General Question

cyrus's avatar

What turns you on?

Asked by cyrus (27points) April 16th, 2008
Observing members: 0 Composing members: 0

22 Answers

buster's avatar

whips and chains

glial's avatar

Good questions on Fluther.

PupnTaco's avatar

(mush) My wife.

cyrus's avatar

when a guy knows how to touch a girl in allllllllllll the right places…....hahaha = )

ppcakes's avatar

being good at what you do & dirty talk!

iwamoto's avatar

brests, bit of roleplaying, bit of latex, not extreme with masks etc. more like this
dirty talk, just a tad rough, moaning women.. etc etc

cyrus's avatar

oh..and a lil rough too..

peedub's avatar

Is that you iwa?

nocountry2's avatar

Correct use of spelling and punctuation.

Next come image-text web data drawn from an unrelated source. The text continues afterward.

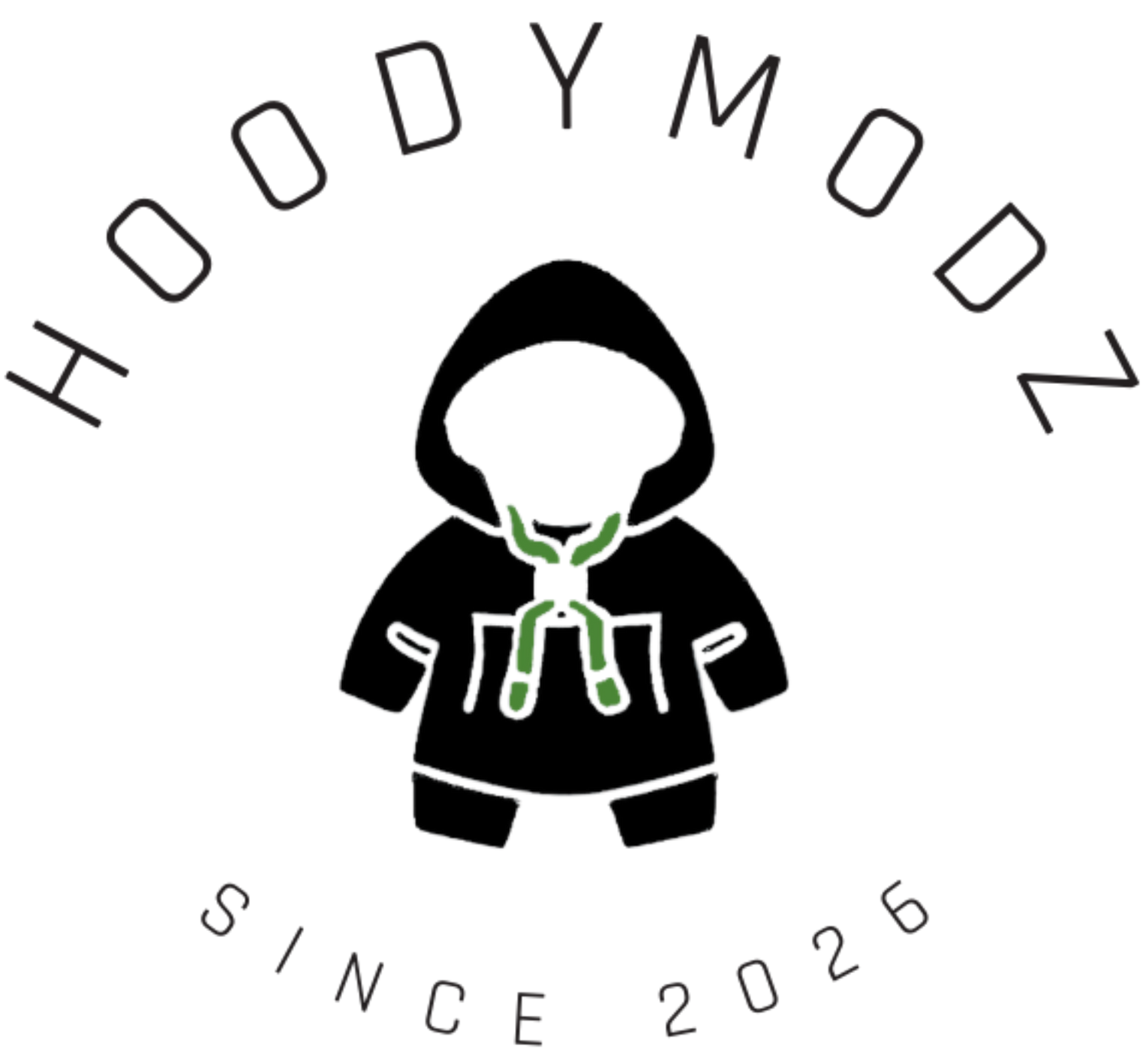 Shop All HoodyModz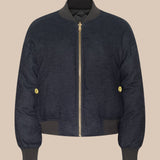 L'AGENCE - Violeta Reversible Puffer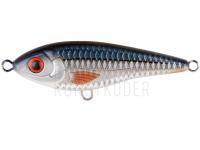 Köder Strike Pro Buster V 8.5cm - C384F BESTEN KUNSTKODER Angelshop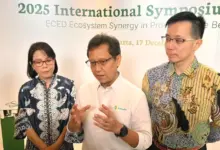 Pentingnya Peran Ibu dalam Menjaga Kesehatan dan Kesejahteraan Keluarga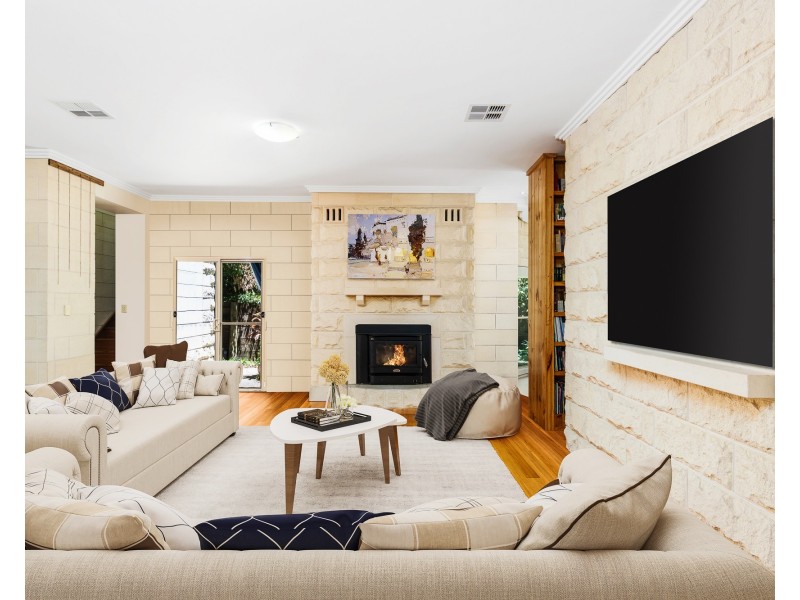 54 Meadow Road, Springfield NSW 2250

Good dancers. Loading a dishwasher for maximum efficiency. Skateboarders. Really cool tattoos. Witty banter. A very sensual kiss perfectly placed at the back of my neck. Cute guys in cheap muscle cars. Flowers “just because”. Hot girls in fishnets and attitude. A long, sext kiss goodbye. Humility. My husband’s laugh. My husband’s…...(ahem). ;)

delirium's avatar

++ for witty banter.

soundedfury's avatar

Intelligence.

iwamoto's avatar

ahh, forgot the fishnets

what do you mean peedub, me the girl in the dress?

Sloane2024's avatar

calling me beautiful instead of just pretty, complimenting the little, seemingly insignificant things such as my fingers or a certain aspect of my outfit, a guy with killer amazing fashion sense who isn’t gay, really strong arms, soft hands, abs, dark complexions with thick, dark hair, abercrombie & fitch fierce cologne or polo safari, a guy with a tight butt n plaid shorts & a polo, a guy who can carry on an incredibley intelligent conversation with me, & last, but not least, a guy who treats me like I’m an angel from heaven. (all of the above are characteristics of my bf, btw)

peedub's avatar

A girl who isn’t afraid to run around in her front lawn all night wearing infrared goggles.

gorillapaws's avatar

I like to roleplay as a misguided televangilst who is having an exestential crisis from knowingly decieving people his whole life. I’ll make my girlfriend play a reformed russian prostitute-turned cosmonaught on a mission to save the planet from a race of Amazonian lesbians that have recently awakened from secret lunar caverns.

It usually involves kitchen utensils, cardboard, and a whole lot of astronaught icecream.

Riser's avatar

Gorillapaws… um… I think your existence gives Atheists something to tremble about.

P.S. Ex bosses’ leather couches.

delirium's avatar

Tremble in a good way. ;)

Riser's avatar

I’m sensing some good vibrations from your… um aura?

delirium's avatar

It isn’t cheating if its a threesome. ;)

gorillapaws's avatar

Yeah, I forgot to mention the hot cable-car repair woman who is really an undercover corporate spy scheming to bankrupt the San Francisco cable car system to replace it with gondolas—who happens to be an expert with ropes and cables…

There’s also the Ebay counterfeit beanie-baby vendor who likes to bathe nude in the ocean while dreaming up erotic children’s books that she will never write but laugh to herself about at socially awkward moments.

peedub's avatar

Takes all kinds.

Bri_L's avatar

women with confidence in their body, no matter the shape. That really does it.